1. Clone the Repository

   git clone [email protected]:tetsuo-ai/DigitSuo.git
   cd DigitSuo

2. Install Dependencies

   Ubuntu/Debian:

   sudo apt-get install gcc libncurses-dev zlib1g-dev doxygen graphviz

   Fedora/RHEL:

   sudo dnf install gcc ncurses-devel zlib-devel doxygen graphviz

Building the Project

Use the provided Makefile for the following targets:

• Recognition Interface:

  make

  Compiles source files in src/ into the executable digit_recognition.

• Training Program:

  make train

  Compiles train.c with OpenMP support into the executable train.

• Documentation:

  make docs

  Generates HTML documentation in docs/html/ using Doxygen.

• Clean Build Artifacts:

  make clean

• Delete Debug Log:

  make clean_debug

• Delete Debug Log:

  make clean_docs

Usage

Training the Network

Run the training program:

./train

This will:

• Load and preprocess the MNIST dataset (files: train-images-idx3-ubyte.gz and train-labels-idx1-ubyte.gz).
• Apply data augmentation.
• Train the neural network.
• Save optimized weights to src/weights.h.

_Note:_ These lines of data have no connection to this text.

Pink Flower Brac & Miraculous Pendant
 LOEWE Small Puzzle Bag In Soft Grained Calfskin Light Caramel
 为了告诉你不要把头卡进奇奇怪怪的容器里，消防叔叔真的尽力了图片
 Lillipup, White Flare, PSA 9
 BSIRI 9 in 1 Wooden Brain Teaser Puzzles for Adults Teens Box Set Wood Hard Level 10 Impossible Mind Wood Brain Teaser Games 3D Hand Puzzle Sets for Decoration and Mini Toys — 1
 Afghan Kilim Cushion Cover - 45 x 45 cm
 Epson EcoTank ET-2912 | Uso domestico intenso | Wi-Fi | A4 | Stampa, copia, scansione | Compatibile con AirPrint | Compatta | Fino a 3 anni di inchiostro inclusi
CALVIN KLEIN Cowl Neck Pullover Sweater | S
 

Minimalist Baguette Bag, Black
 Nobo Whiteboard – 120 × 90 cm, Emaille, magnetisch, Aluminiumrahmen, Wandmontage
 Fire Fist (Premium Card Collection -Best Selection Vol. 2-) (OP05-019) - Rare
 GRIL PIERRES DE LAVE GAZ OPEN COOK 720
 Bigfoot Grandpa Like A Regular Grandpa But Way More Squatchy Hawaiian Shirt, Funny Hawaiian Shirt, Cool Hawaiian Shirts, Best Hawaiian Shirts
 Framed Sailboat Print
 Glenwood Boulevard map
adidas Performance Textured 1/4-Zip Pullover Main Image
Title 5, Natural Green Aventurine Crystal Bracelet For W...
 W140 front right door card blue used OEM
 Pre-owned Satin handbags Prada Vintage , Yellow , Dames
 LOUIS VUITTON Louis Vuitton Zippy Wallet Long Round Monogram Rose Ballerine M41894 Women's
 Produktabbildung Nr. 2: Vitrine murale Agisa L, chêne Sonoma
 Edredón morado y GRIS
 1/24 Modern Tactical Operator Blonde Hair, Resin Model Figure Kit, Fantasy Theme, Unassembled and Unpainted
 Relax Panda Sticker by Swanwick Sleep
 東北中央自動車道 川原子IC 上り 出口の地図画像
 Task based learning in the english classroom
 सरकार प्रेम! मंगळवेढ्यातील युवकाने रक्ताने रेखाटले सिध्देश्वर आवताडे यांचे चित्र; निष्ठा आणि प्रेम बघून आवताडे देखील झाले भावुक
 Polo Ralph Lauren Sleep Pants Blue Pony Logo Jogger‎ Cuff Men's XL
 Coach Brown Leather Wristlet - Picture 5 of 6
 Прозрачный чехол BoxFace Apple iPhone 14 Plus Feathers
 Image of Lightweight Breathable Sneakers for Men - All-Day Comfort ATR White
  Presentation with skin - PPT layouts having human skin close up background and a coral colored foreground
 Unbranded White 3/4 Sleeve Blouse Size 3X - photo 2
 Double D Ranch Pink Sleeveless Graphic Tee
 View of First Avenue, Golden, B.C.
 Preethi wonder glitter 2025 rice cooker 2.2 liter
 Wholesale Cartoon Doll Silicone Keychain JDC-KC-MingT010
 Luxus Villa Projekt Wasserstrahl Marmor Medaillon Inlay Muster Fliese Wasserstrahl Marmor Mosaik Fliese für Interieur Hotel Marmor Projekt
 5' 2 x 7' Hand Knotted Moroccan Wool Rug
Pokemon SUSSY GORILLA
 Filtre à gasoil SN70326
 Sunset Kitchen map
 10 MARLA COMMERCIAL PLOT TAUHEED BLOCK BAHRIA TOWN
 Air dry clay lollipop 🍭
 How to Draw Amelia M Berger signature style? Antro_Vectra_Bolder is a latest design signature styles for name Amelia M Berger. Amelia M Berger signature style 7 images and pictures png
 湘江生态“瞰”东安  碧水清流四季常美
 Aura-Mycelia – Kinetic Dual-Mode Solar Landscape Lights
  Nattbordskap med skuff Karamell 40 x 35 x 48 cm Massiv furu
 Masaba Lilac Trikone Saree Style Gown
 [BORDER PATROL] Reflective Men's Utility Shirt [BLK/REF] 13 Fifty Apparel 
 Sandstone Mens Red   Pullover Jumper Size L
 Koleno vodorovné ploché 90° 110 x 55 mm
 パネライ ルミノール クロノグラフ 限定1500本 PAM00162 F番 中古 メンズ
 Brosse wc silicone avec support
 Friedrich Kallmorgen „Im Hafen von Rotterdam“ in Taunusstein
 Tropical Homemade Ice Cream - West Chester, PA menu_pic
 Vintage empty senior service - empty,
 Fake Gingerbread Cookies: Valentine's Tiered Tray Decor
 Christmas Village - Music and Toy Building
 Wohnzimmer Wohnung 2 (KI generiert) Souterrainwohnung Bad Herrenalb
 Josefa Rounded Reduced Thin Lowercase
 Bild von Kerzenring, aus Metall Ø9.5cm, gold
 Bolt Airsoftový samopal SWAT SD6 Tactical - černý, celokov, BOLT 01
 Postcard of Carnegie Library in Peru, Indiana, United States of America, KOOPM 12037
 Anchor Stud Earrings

Using the Recognition Interface

Run the recognition interface:

./digit_recognition

Controls

• Mouse/Arrow Keys: Draw digits
• Number Keys (0-9): Load example digits
• Enter: Submit for recognition
• C: Clear drawing
• Q: Quit application

Technical Details

Neural Network Architecture

Input Layer (784 neurons)
    │
    │   Dense connections with ReLU activation
    │   Weights initialized using He initialization
    ▼
Hidden Layer (256 neurons)
    │
    │   Dense connections with Softmax activation
    │   Xavier/Glorot initialization
    ▼
Output Layer (10 neurons)

Training Pipeline

1. Data Preprocessing

   • Load the MNIST dataset with zlib decompression.
   • Apply data augmentation:
     • Random rotation (±10°)
     • Random shifts (±5 pixels)
     • Gaussian blur (σ = 0.3)
   • Generate balanced mini-batches.

2. Optimization

   • Mini-batch gradient descent with momentum.
   • Learning rate decay schedule.
   • Early stopping with patience.
   • OpenMP for parallel processing.

Performance Metrics

• Training accuracy: >98% on the MNIST test set.
• Inference latency: <10ms per prediction.
• Memory footprint: ~2MB during inference.
• Training time: ~5 minutes on a modern CPU.

Documentation

Generating Documentation

Generate the documentation using:

make docs

Viewing Documentation

Start the documentation server:

python3 serve_docs.py

Access the documentation at http://localhost:8000.

Project Structure

.
├── Doxyfile                  # Doxygen configuration file
├── doxygen-custom.css        # Custom CSS for documentation
├── Makefile                  # Build configuration
├── README.md                 # Project documentation
├── docs/                     # Documentation directory (generated)
├── serve_docs.py             # Script to serve documentation
├── train-images-idx3-ubyte.gz # MNIST training images (compressed)
├── train-labels-idx1-ubyte.gz # MNIST training labels (compressed)
├── train.c                   # Training program source
└── src/                      # Source code for recognition interface
    ├── main.c
    ├── draw_interface.c
    ├── neural_net.c
    ├── neural_net.h
    ├── draw_interface.h
    ├── utils.c
    ├── utils.h
    └── weights.h

Customization

Adjust neural network parameters in train.c:

#define HIDDEN_SIZE 256      // Number of hidden neurons
#define BATCH_SIZE 64        // Training batch size
#define NUM_EPOCHS 10        // Maximum training epochs
#define BASE_LR 0.1f         // Initial learning rate